The Government of India is reportedly considering a pool mechanism for its national agricultural insurance program to limit money flowing out of the country to international reinsurance companies.
Indian publication Business Standard reported that foreign reinsurance and private insurance firms have been big beneficiaries of premiums collected under Pradhan Mantri Fasal Bima Yojna (PMFBY), the state-sponsored crop scheme.
In the last six seasons, almost Rs 5,000 crore (US $726 million) has gone to reinsurers domiciled outside India, while the program’s overall claim ratio has been around 77%.
As a result, the government has been looking to reduce the involvement of reinsurance in the PMFBY scheme.

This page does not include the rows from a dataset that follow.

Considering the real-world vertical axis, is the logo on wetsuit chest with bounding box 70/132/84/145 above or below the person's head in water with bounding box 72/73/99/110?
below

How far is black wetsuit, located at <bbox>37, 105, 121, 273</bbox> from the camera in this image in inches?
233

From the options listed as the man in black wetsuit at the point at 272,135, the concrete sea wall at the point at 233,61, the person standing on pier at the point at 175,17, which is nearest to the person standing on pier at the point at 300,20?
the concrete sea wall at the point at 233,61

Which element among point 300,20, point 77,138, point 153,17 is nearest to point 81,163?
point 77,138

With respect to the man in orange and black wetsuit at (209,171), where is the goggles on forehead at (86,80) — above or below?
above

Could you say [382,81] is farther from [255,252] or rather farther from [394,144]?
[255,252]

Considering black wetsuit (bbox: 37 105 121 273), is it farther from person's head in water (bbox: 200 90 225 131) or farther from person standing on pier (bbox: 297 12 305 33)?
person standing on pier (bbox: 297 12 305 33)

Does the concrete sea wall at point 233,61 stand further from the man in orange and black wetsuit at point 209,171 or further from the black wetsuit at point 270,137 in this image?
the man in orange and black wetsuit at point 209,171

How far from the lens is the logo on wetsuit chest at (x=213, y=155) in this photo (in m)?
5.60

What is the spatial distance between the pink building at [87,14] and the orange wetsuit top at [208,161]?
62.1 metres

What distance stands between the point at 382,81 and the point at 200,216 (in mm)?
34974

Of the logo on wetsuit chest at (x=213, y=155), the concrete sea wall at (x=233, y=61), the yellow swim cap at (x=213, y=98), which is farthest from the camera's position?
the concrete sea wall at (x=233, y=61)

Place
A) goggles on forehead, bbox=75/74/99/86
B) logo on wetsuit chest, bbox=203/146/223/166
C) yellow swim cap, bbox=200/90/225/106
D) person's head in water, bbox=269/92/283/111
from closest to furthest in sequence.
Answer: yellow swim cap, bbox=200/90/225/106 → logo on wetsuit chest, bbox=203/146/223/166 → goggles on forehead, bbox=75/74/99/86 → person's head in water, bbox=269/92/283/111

According to Business Standard, the total premium collected under the program from 2016-2018 was about Rs 48,267 crore ($7.0 billion), while the claim payout was Rs 39,789 crore ($5.8 billion), indicating that Rs 8,478 crore ($1.2 billion) went to re/insurers.

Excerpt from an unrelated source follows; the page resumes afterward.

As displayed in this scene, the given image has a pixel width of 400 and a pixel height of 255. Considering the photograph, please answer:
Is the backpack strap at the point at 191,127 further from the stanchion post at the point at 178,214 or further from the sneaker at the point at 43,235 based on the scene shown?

Of the total premium, about Rs 8,720 crore ($1.3 billion) was paid by farmers, while close to Rs 39,547 ($5.7 billion) crore was subsidised collectively by central and state governments.

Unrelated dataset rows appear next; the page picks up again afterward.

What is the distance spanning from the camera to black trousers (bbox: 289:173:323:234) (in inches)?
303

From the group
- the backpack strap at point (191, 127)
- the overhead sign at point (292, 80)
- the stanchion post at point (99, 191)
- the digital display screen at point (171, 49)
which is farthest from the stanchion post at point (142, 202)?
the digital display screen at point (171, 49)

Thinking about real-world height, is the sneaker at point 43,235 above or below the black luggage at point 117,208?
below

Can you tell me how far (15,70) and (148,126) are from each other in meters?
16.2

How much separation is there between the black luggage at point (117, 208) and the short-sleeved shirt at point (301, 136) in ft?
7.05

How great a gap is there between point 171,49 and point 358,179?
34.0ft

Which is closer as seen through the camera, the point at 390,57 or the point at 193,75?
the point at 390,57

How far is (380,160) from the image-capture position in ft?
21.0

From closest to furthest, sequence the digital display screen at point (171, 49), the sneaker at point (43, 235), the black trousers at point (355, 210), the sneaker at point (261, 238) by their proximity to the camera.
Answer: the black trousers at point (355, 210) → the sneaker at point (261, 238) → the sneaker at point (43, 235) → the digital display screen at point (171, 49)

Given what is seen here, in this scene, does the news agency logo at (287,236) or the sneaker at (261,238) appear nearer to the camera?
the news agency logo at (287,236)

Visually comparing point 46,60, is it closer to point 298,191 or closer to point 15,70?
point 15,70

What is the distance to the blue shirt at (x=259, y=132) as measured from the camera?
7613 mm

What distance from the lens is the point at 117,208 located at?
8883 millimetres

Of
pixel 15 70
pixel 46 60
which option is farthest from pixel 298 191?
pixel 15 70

Currently, about 50% of the risk is reinsured by state-backed company GIC Re, and the rest by international reinsurers.
Under the newly proposed pool mechanism, while private firms would retain a small part of the premium, a large part would go into the pool, which could then be used to pay out claims.
“The pool mechanism will help the money stay in the country itself, instead of going to foreign reinsurers,” a government official was quoted as saying
“The new model should be sustainable in the long run,” a top official in a private insurance company added.